In 2019, Hoge said, the company faced an emergency. Then-President Donald Trump imposed a 25% tariff on the vast majority of the company’s products, said Hoge, co-owner of Sea Eagle Boats.

“We had shipments that were already on the water waiting to get in port that suddenly were 25% more expensive,” Hoge told ABC News, saying the added cost forced him to raise prices. “It was jarring.”

Even after receiving an exemption from the tariffs, his company shifted most of its supply chain out of China as a precaution, Hoge said. Either way, Hoge added, the business has never sourced products from the U.S.

“This is not an industry that had a substantial U.S. presence and fired everyone. It never existed here,” Hoge said, noting that domestic manufacturing for these products would bring added costs and higher prices.

“If you want to involve the American middle class in the outdoors, you need products that the American middle class can afford,” Hoge said.

On the campaign trail, Trump has vowed to escalate the trade war initiated during his first term. However, studies have shown that his trade policies fell short of promises made to rejuvenate U.S. manufacturing and spur job growth. In some cases, analysts told ABC News, the policies harmed U.S. producers while raising prices for consumers.

A heightened trade war over a long period could expand certain areas of U.S. manufacturing, some analysts said. But, they added, the move would come at significant cost for consumers already worn out by inflation.

“The tariffs raised costs for American businesses and raised some prices for American consumers,” Inu Manak, a fellow for trade policy at the Council on Foreign Relations, told ABC News. “And there’s quite a bit more Trump could do.”

The Trump campaign did not immediately respond to a request for comment.

Stephen Moore, who previously served as an economic adviser to Trump and says he has helped shape Trump’s 2024 agenda, previously told ABC News that escalating tariffs would hinder foreign producers and make domestic industries more competitive.

In turn, the policy would create jobs and boost manufacturing in the U.S., Moore said.

“Trump wants jobs here in America,” Moore added. “He wants things made in America.”

During his tenure, Trump placed tariffs on aluminum and steel from a host of countries, including Mexico, Canada and the European Union.

Meanwhile, he taxed hundreds of billions of dollars worth of goods from China, raising import costs for everything from shoes to BMX bikes to computer chips.

In all, the U.S. levied tariffs on thousands of products valued at approximately $380 billion in 2018 and 2019, according to an analysis by the nonprofit Tax Foundation.

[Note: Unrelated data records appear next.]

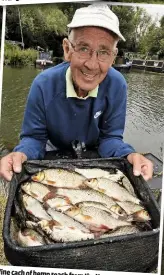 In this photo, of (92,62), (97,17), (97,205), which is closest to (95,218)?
(97,205)

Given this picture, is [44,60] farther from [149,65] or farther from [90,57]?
[149,65]

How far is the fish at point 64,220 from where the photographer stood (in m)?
1.37

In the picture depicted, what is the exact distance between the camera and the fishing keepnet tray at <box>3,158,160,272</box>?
1.29 metres

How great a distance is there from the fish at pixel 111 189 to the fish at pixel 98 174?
0.10 ft

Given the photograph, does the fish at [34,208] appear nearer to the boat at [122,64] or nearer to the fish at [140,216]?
the fish at [140,216]

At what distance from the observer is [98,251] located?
1329mm

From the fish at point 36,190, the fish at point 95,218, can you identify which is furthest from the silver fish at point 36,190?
the fish at point 95,218

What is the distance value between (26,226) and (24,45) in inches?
28.6

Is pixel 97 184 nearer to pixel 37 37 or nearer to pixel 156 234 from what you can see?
pixel 156 234

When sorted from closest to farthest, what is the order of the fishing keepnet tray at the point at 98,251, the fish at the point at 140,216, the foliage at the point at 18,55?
the fishing keepnet tray at the point at 98,251 → the fish at the point at 140,216 → the foliage at the point at 18,55

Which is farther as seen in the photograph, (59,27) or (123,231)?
(59,27)

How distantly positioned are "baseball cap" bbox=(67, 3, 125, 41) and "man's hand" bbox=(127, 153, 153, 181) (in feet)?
1.48

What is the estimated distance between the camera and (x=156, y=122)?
67.9 inches

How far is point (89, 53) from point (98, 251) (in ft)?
2.21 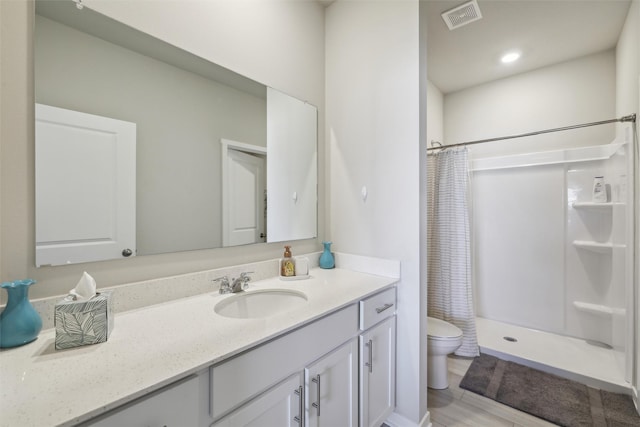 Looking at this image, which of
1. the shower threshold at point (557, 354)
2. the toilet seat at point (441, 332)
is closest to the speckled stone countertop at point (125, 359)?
the toilet seat at point (441, 332)

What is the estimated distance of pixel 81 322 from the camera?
81 centimetres

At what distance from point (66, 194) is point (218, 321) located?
0.71 meters

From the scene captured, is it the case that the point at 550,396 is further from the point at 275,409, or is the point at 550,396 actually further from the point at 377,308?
the point at 275,409

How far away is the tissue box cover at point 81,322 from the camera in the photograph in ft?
2.59

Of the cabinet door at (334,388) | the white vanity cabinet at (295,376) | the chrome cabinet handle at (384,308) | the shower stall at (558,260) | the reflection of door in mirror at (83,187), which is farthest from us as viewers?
the shower stall at (558,260)

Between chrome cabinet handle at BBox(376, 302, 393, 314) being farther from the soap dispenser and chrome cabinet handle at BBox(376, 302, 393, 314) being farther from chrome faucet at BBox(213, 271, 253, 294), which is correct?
chrome faucet at BBox(213, 271, 253, 294)

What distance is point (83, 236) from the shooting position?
1012mm

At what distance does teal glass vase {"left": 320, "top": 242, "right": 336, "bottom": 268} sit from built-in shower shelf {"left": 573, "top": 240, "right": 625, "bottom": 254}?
2358 millimetres

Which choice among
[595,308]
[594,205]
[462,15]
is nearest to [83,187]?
[462,15]

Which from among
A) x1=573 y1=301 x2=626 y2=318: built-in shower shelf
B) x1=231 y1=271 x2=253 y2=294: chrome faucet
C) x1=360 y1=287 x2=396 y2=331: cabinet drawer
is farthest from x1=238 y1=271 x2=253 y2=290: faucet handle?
x1=573 y1=301 x2=626 y2=318: built-in shower shelf

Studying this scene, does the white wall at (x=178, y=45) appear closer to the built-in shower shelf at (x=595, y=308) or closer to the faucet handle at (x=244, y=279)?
the faucet handle at (x=244, y=279)

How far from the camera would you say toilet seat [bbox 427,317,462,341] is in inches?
72.6

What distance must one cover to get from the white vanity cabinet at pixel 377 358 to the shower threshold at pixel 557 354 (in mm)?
1396

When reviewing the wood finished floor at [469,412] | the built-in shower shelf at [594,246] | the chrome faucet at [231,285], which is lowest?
the wood finished floor at [469,412] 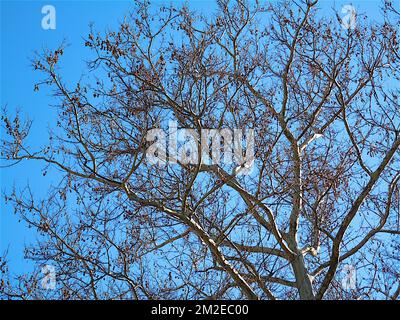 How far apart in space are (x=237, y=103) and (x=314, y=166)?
157 cm

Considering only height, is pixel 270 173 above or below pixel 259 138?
below

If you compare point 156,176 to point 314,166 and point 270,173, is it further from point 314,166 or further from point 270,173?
point 314,166

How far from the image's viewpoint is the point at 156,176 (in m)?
8.68

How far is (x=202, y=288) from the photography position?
8.83 m

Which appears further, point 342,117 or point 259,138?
point 342,117

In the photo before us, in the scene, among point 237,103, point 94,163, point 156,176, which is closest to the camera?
point 94,163

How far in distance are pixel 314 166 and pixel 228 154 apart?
1.60m

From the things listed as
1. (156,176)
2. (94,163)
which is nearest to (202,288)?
(156,176)
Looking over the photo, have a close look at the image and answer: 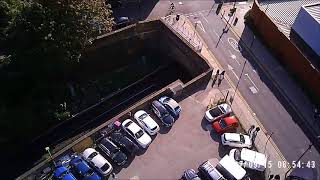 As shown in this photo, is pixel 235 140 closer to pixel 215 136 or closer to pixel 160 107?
pixel 215 136

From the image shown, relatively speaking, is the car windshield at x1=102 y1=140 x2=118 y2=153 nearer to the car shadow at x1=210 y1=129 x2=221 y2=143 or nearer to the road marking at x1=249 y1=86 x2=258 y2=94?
the car shadow at x1=210 y1=129 x2=221 y2=143

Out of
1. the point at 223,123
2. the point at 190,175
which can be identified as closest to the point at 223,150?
the point at 223,123

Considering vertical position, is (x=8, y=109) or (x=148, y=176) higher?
(x=8, y=109)

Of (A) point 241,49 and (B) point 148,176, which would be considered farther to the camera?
(A) point 241,49

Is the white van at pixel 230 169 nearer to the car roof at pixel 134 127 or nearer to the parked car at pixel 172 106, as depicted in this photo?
the parked car at pixel 172 106

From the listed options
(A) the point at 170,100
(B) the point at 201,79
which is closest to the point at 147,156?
(A) the point at 170,100

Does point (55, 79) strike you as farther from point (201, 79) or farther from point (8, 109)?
point (201, 79)

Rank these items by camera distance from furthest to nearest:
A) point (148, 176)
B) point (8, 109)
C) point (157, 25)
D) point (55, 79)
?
1. point (157, 25)
2. point (55, 79)
3. point (8, 109)
4. point (148, 176) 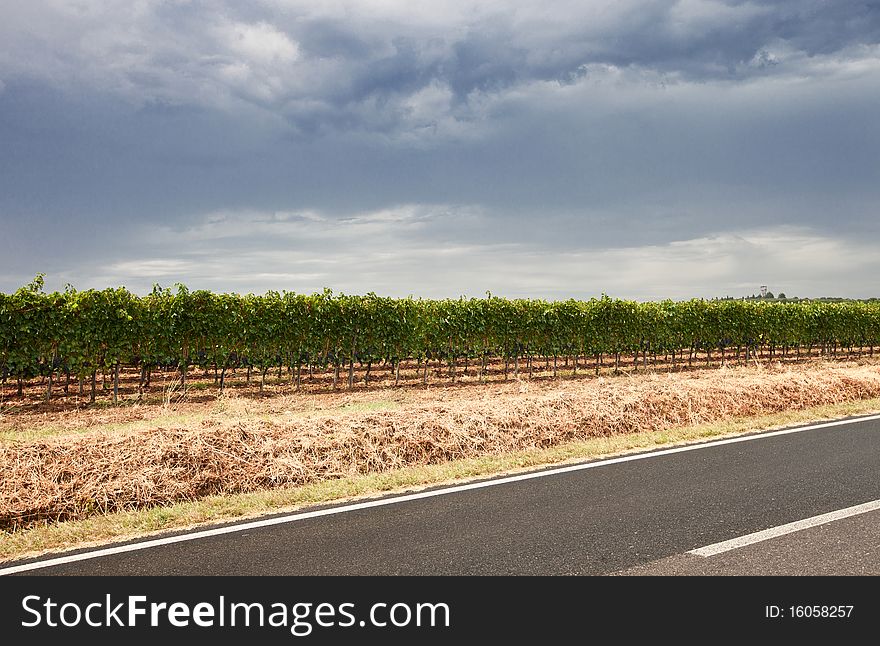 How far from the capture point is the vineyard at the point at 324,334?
1898 cm

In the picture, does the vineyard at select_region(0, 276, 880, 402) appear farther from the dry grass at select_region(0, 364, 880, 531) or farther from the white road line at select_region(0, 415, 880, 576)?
the white road line at select_region(0, 415, 880, 576)

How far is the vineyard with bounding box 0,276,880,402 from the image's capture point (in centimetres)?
1898

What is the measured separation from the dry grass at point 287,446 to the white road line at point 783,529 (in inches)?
162

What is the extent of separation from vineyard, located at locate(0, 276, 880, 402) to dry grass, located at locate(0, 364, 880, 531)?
12.0 meters

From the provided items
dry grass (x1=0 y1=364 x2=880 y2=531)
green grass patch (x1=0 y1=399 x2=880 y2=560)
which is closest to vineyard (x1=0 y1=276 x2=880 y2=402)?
dry grass (x1=0 y1=364 x2=880 y2=531)

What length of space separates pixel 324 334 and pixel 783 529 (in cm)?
1916

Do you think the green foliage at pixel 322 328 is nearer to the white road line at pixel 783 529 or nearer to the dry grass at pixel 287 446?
the dry grass at pixel 287 446

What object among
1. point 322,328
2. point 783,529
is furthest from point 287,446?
point 322,328

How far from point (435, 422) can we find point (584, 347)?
21576mm

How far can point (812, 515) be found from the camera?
19.5 ft

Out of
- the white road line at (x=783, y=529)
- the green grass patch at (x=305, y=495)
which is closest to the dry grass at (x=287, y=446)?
the green grass patch at (x=305, y=495)

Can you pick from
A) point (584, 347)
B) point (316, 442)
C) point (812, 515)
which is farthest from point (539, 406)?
point (584, 347)

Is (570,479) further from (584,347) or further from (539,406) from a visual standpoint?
(584,347)

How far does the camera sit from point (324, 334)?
916 inches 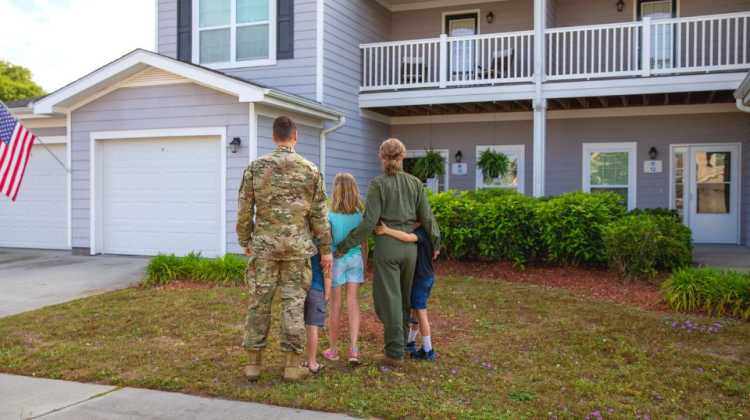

Trump’s tariffs decreased U.S. employment by 166,000 jobs, the group found, citing increased import costs for U.S. employers.

A nonpartisan working paper released by a global team of researchers last month focused on the consequences wrought for the Midwest. The study found little effect on jobs in the region in industries directly affected by the tariffs, while noting a slight decline in employment as a result of retaliatory tariffs placed on U.S. goods.

When asked about the trade war’s objectives of job creation and rejuvenated manufacturing, Mary Lovely, a senior fellow at the Peterson Institute for International Economics, said, “There’s no evidence that it achieved these goals.”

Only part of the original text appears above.